Probably better to leave this un-initialized; that way the compiler will warn if we forget to initialize it in one branch. You could also use a ternary here.

714

This can probably be a single llvm::any_of on CurLoop->blocks().

1647

How about call it isVolatileLoadOrLiveOnEntry?

1649

The usual idiom I've seen for this is:

if (!Processed.insert(Acc).second)
  return false;
1650

Should we be returning true in this recursive case? IE if we have a MemoryPhi that has one of its inputs as itself and the other input as live-on-entry then shouldn't that be equivalent to just a live-on-entry?

1656

I'd avoid testing for MemoryDef early -- instead I'd suggest doing this as:

if (auto *Phi = dyn_cast_or_null<MemoryPhi>(Acc)) {
} else if (auto *Def = dyn_cast_or_null<MemoryDef>(Acc)) {
}
1660

How about a range for on Phi->operands()? Or even better -- return llvm::all_of(Phi->operands(), <lambda>);

1667

Is this correct even if defining access for Def is a store in the loop?

1678

LLVM style is avoiding braces for one liners. You could also fold the assignment into the condition, like if (MemoryUseOrDef *AccI = ...)

1682

This can just be if (MemoryUse *MU = dyn_cast_or_null<MemoryUse>(MUD))

1699

s/if/If/

1700

This seems fishy -- if volatile loads do not invalidate pointers then why are they treated as defs by MSSA?

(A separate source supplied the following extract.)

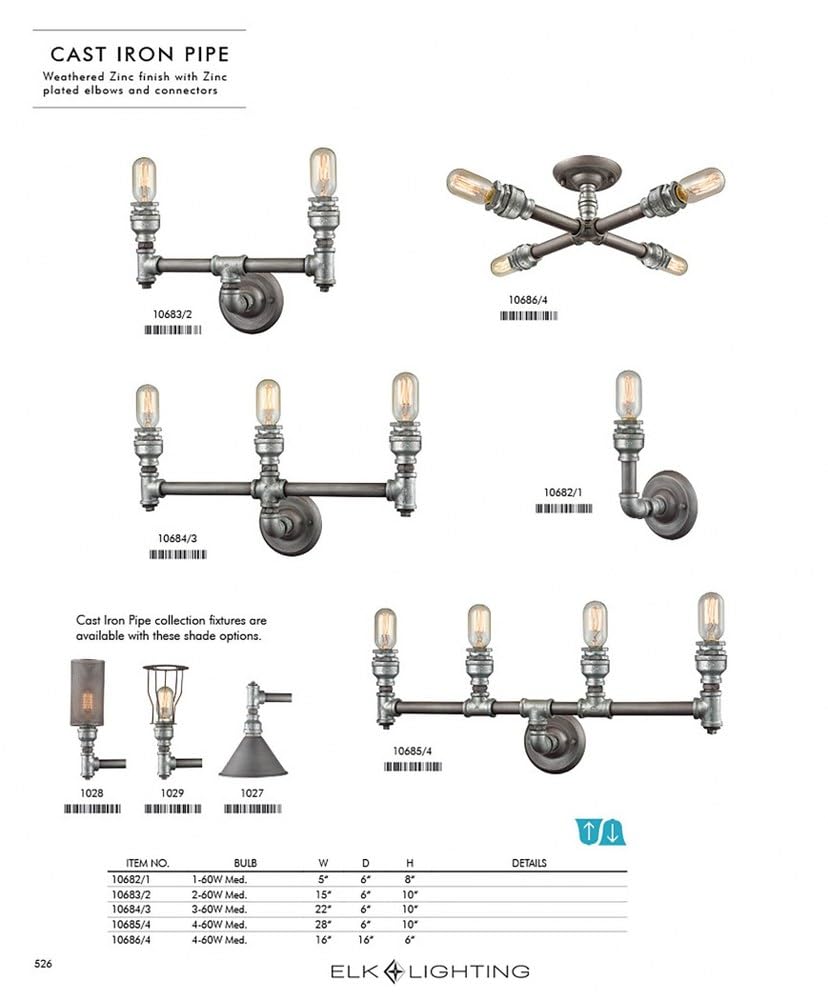 Vintage Steampunk Style Cast Iron Pipe Bathroom Vanity Light with Exposed Bulbs - 4-Light Industrial Ceiling Fixture with Round Back Plate in Weathered Zinc Finish - Perfect for Farmhouse, Loft & Industrial Style Bathrooms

lib/Transforms/Scalar/LoopSink.cpp
291–292

How about adding /*MemorySSAUpdater=*/nullptr etc. here?

This revision now requires changes to proceed.Dec 14 2017, 11:55 PM
asbirlea updated this revision to Diff 127629.Dec 19 2017, 5:12 PM
asbirlea marked 14 inline comments as done.

Address comments.

lib/Transforms/Scalar/LICM.cpp
1649

Code in question removed.

1650

Right, but code in question removed.

1660

If using Phi->operands() I need to re-add the conversion from Use to MemoryAccess hidden in the macro in getIncomingValue().
New code would be:

return llvm::all_of(Phi->operands(), [MSSA, &Processed](const Use &Arg) {           
      return isVolatileLoadOrLiveOnEntry(
          cast_or_null<MemoryAccess>(Arg.get()), MSSA, Processed);                      
    });

Does this look better than existing?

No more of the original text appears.